Reena Mital - Mumbai

The Federation of Indian Exporters Organisation (FIEO), western region, is planning a delegation to Australia, New Zealand and Fiji in February 2004. The federation is targetting around 50 companies and 75 delegates, representing various sectors of the Indian industry, to participate in the business delegation.

Speaking to Express Textile, Mr G K Gupta, chairman, FIEO, western region, said, “This will be a multi-product delegation, with representatives from the apparel, fabrics, made-ups, handloom sectors, leather, engineering goods, chemicals and allied products, IT, etc. Australia and New Zealand are definitely markets for Indian products, but no export promotion council or federation has really explored Fiji as a market. One reason for this could be the Indian government’s ban on trade with Fiji till some time back. But these sanctions have now been removed, and this country has a lot of potential for Indian goods and services. Moreover, majority of the population in Fiji is Indian, so understanding the needs of this market are easier.”

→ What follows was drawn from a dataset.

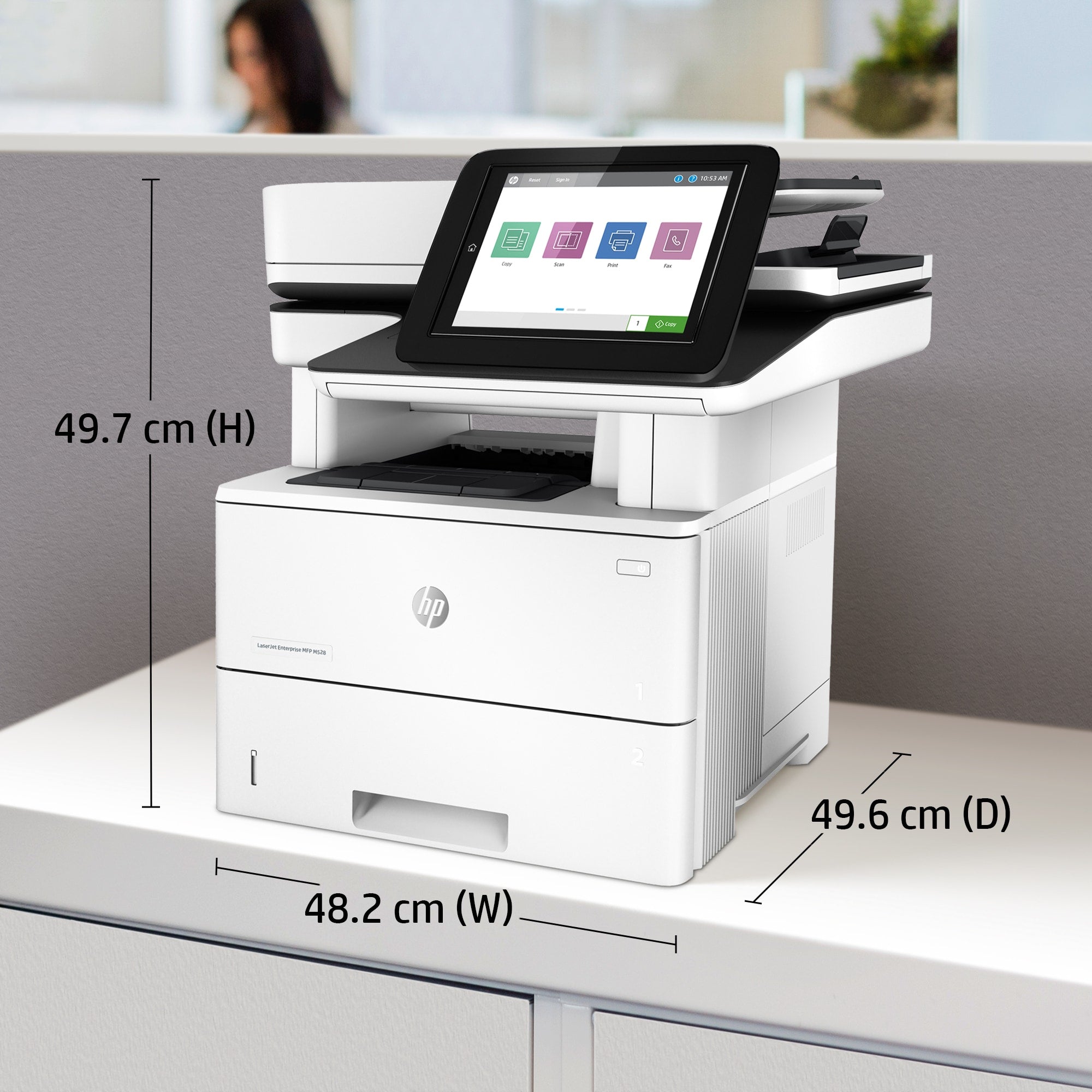 HP LaserJet Enterprise MFP M528dn, Schwarzweiß, Drucker zum Drucken, Kopieren, Scannen und optionalen Faxen, Drucken über USB-Anschluss an der Vorderseite; Scannen an E-Mail; Beidseitiger Druck; Doppelseitiges Scannen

According to him, the scope for exports of traditional items to Fiji is also good as value-additions here are very high, and Indian goods would thus fetch better realisations. “Indian exporters of traditional handlooms and handicrafts have already made a mark in the Middle East, the UK, USA, EU, etc. We must realise that Fiji too is an important market. Moreover, if large number of delegations are going to Australia and New Zealand, why not explore Fiji too,” he opined.

According to industry sources, with sanctions on trade, etc, India’s textile exports to Fiji were quite insignificant. According to available statistics, exports of synthetic and rayon textiles to Fiji during 2002-03 stood at a mere Rs 10.11 crore. However, this was a growth of 51 per cent over the exports in 2001-02. Major items of export include fabrics accounting for 78 per cent of the total synthetic textile exports, made-ups 15 per cent, and the remaining were yarn exports. “Fiji is an emerging market for Indian textiles, and we have only just started looking at this country for exports,” said sources.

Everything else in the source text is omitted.